Implications for String Theory and Dark Matter

Although the theory of gravity in extra dimensions is not string theory, which characterizes fundamental particles as bits of "string" vibrating in numerous, incredibly compact extra dimensions, Arkani-Hamed and his colleagues have shown that their theory is in fact compatible with string theory.

Imagine, rather than a single-dimensional optic fiber or a high wire, that the photons and other bosons that carry electromagnetism and the nuclear forces are confined to a two-dimensional "wall" in a multidimensional "bulk." Only gravitons are free to move off the wall.
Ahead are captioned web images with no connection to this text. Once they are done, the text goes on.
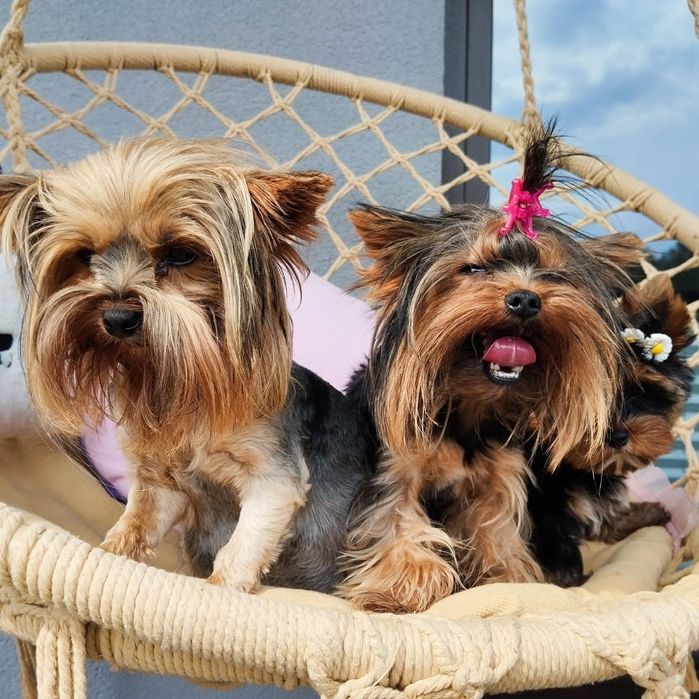 samczyk  Yorkshire terrier z Rodowodem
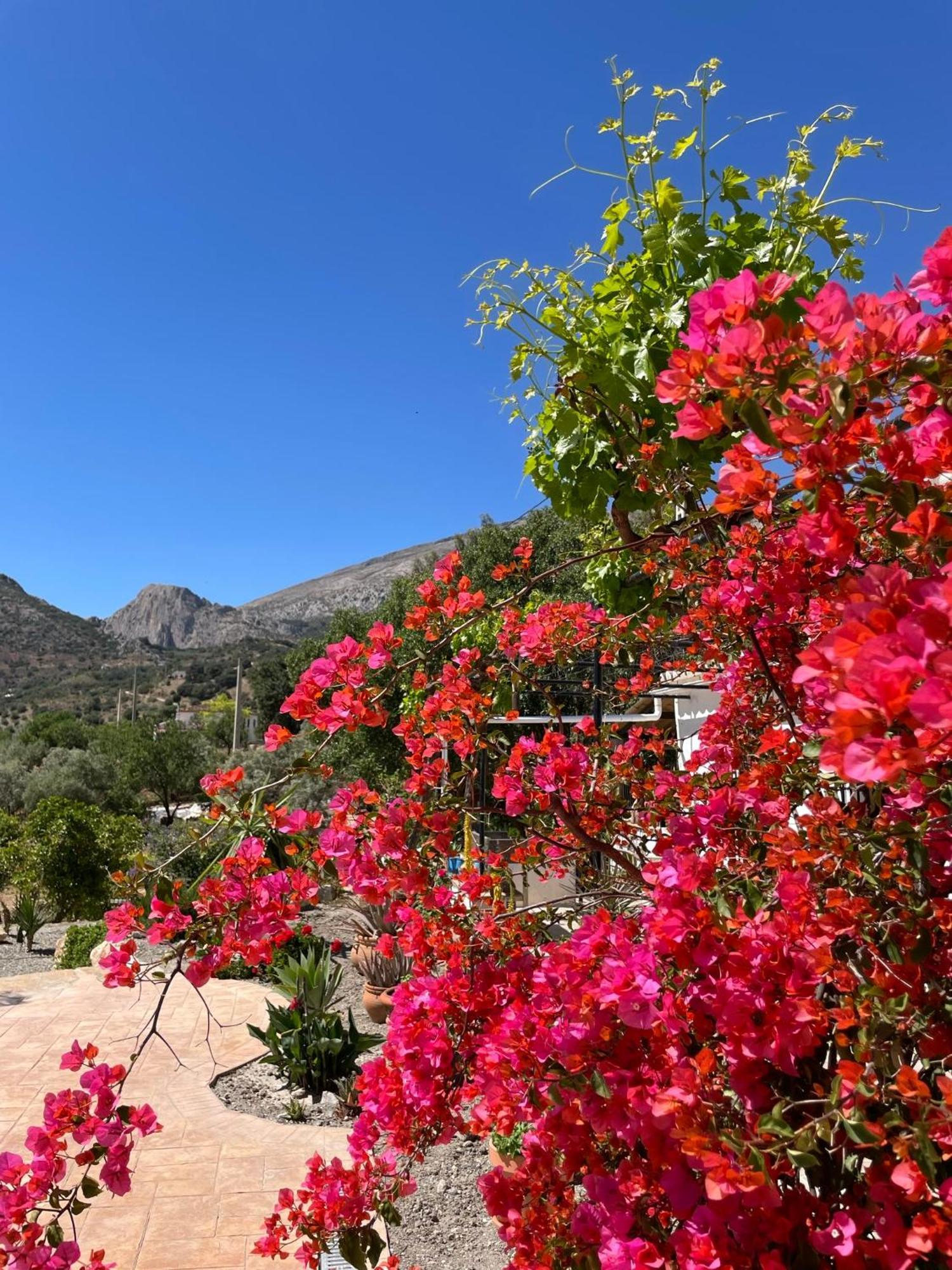 Finca Valle Verde アロラ エクステリア 写真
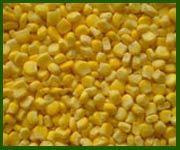 Frozen American Sweet Corn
In string theory, such walls are called "D-branes."

The picture suggests possible solutions to many outstanding questions in physics and astrophysics. If there are other 'branes in the bulk -- real worlds less than a millimeter from our own, stacked up like sheets of paper -- invisible masses confined to these parallel worlds could be the universe's mysterious dark matter, whose gravitation we feel even though its source is invisible.

"Or instead of invoking parallel universes, we might live on a folded universe," Arkani-Hamed suggests. "In this view, 'dark matter' might be just ordinary matter, because the light from a star on a fold only one millimeter away might have to travel billions of light years along the wall to reach us. Although we feel its gravity, we haven't seen it yet."

Arkani-Hamed says that "all the old mysteries of the Standard Model can be addressed in this theory," and that, indeed, "the most extraordinary thing about the theory is that it didn't die an immediate death. It explains a lot and raises a lot of possibilities, yet it contradicts no experimental results." He adds, "If we do the experiments, we have a good chance of seeing evidence for or against these ideas in the next 10 years."